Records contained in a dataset
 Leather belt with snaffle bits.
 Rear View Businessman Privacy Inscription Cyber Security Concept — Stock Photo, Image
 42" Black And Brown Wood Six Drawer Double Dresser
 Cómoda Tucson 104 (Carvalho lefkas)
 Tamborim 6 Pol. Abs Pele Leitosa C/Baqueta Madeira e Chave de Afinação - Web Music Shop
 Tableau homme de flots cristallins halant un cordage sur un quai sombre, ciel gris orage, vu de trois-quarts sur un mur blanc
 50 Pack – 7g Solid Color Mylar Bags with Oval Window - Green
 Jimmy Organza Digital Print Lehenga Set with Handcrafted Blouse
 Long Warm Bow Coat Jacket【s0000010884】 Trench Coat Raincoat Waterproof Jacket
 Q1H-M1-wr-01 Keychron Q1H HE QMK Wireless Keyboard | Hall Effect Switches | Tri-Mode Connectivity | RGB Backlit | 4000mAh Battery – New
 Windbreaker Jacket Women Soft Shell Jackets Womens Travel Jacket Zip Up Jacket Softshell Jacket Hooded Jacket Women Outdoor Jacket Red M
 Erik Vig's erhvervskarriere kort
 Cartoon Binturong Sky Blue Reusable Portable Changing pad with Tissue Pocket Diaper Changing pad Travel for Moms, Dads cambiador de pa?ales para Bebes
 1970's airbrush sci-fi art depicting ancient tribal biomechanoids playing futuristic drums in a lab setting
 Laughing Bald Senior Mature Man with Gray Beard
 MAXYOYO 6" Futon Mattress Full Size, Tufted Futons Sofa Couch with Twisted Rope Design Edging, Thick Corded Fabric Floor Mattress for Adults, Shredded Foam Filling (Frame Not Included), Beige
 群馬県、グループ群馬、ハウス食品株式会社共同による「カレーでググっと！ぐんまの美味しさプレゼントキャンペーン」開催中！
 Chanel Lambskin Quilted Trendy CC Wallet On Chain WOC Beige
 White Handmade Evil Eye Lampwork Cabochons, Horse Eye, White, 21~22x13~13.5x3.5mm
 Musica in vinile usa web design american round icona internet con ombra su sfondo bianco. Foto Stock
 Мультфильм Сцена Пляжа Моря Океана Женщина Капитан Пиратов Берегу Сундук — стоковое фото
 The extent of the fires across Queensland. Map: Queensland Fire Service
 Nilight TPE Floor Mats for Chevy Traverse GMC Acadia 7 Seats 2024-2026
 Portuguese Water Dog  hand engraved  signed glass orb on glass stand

Work task
Every line containing the string "Stock" is required; copy each such line from the data.

Answer to this problem
 Rear View Businessman Privacy Inscription Cyber Security Concept — Stock Photo, Image
 Musica in vinile usa web design american round icona internet con ombra su sfondo bianco. Foto Stock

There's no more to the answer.